Clark is best known for his marginal productivity theory of distribution, which famously says that “the distribution of the income of society is controlled by a natural law, and that this law, if it worked without friction, would give to every agent of production the amount of wealth which that agent creates”. Labor’s wage, which Clark interchangeably calls “standard,” “normal,” “natural,” and “competitive,” is thus determined by the value of its marginal product (what Clark ordinarily terms “specific product”). Fn and refs. omitted.
Most of the rest of both posts is devoted to showing that the evidence doesn’t support this armchair speculation. Evidence is irrelevant, of course. People don’t want to believe they are being cheated by the capitalist system or by the rich, because that would violate their Secular Religion, US Constitutional Capitalism, to which all has capitulated, including their religious belief system and their belief in the rule of law and the Bill of Rights and so on. If people really thought that Constitutional Capitalism was totally corrupt, they might have to do something about it.
The explanation offered by Samuelson and Nordhaus for income distribution is worth another look. Here’s the caption in the text:
Each vertical slice represents the marginal product of that unit of labor. Total national output ODES is found by adding all the vertical slices of MP up to the total supply of labor at S.
The distribution of output is determined by marginal product principles. Total wages are the lower rectangle (equal to the wage rate ON times the quantity of labor OS). Land rents get the residual upper triangle NDE. 238.)

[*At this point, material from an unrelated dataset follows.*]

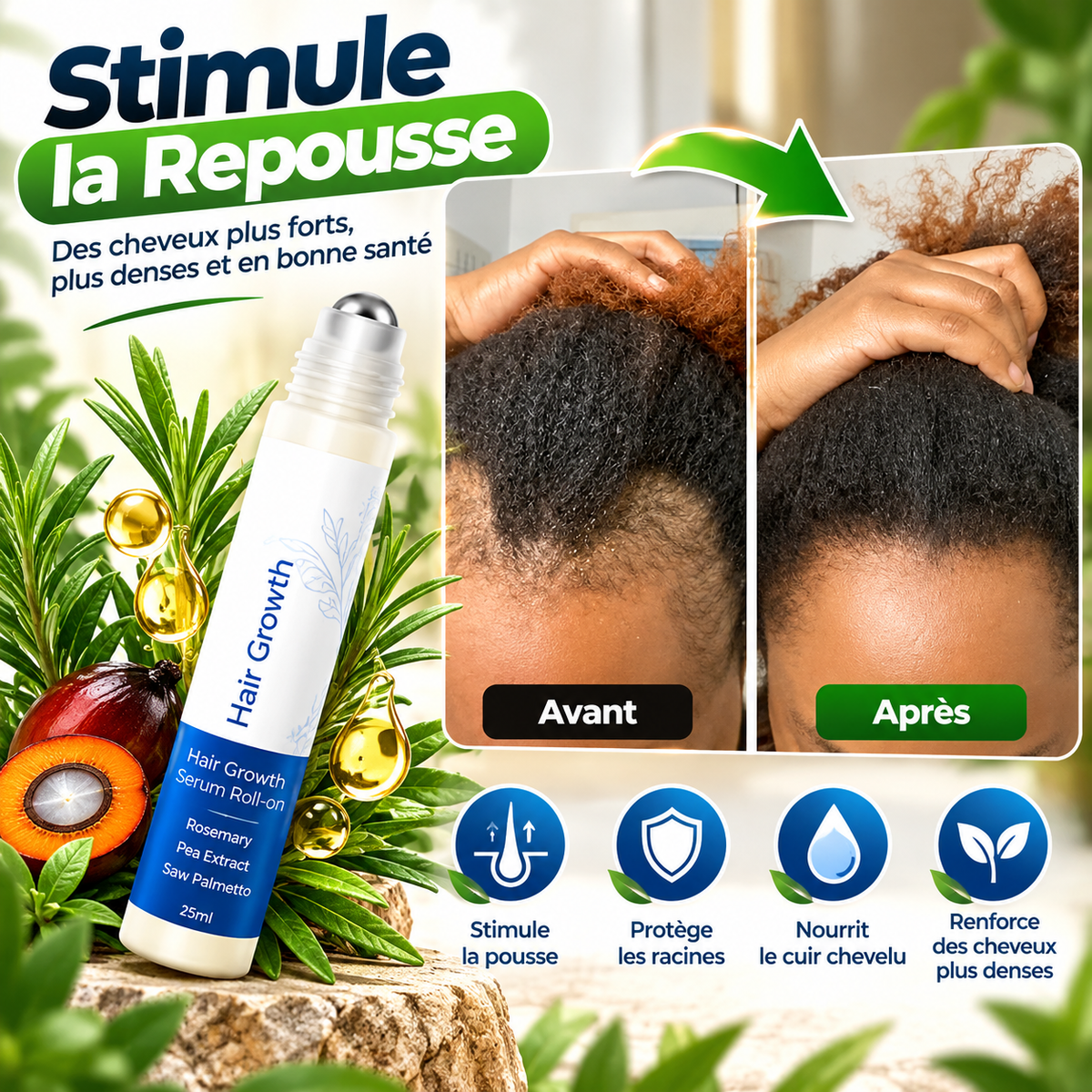 Serum Roll-On,  pour la croissance des cheveux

So, this chart is supposed to represent an entire societ. The wage portion is the wages that go to everyone from wildly overpaid CEO to the minimum wage home health care worker. That means it hides all of the changes among wage-earners. As this paper by Larry Mishel shows, that rectangle hides a huge change in allocation between the top earners and the rest of us. We are all familiar with charts like this one by Mishel:
Now take another look at that Samuelson and Nordhaus chart. They say that the money in the triangle DEN belongs to landowners, as “rent”. Of course, since this is about the entire economy, it must be that this “land” is actually all capital, machines, factories, and natural resources, to the extent they are owned by some specific human being or Corporate Person. So why exactly does all of what the authors call excess marginal product go to the capitalists? “The reason is that each landlord is a participant in the competitive market for land and rents the land for its best price.” That doesn’t sound like a reason to me. It sounds like a pre-ordained conclusion.
In fact, as Mishel shows, the last 35 years have seen a reallocation of income between labor and capital. Mishel estimates that about 20% of the gap between productivity and wages is accounted for by increases in the share of national income going to capital. The balance is accounted for by faster increases in prices for goods purchased by consumers compared the prices of things they produce. Mishel calls this the “terms of trade”, and it accounts for a significant part of the variance. Mishel suggests that the gap may mean that higher productivity is not improving overall standards of living, and that further research is needed. I’d suggest that this gap ultimately goes to the capital owners and their highest paid employees.
We’re told this is all for the good, either on natural law grounds or because it’s efficient. The natural law thing is nothing but a veneer of philosophy over the greed of rich patrons. Efficiency is currently structured to prioritize the rich over the rest of us. As Mishel shows, the rich, both capitalists and top earners, are taking all of the gains from increased productivity for themselves, money that used to be distributed across the income spectrum. Why should I care at all about efficiency if the burdens fall on my back and the benefits all flow to a tiny number of Capitalist Aristos?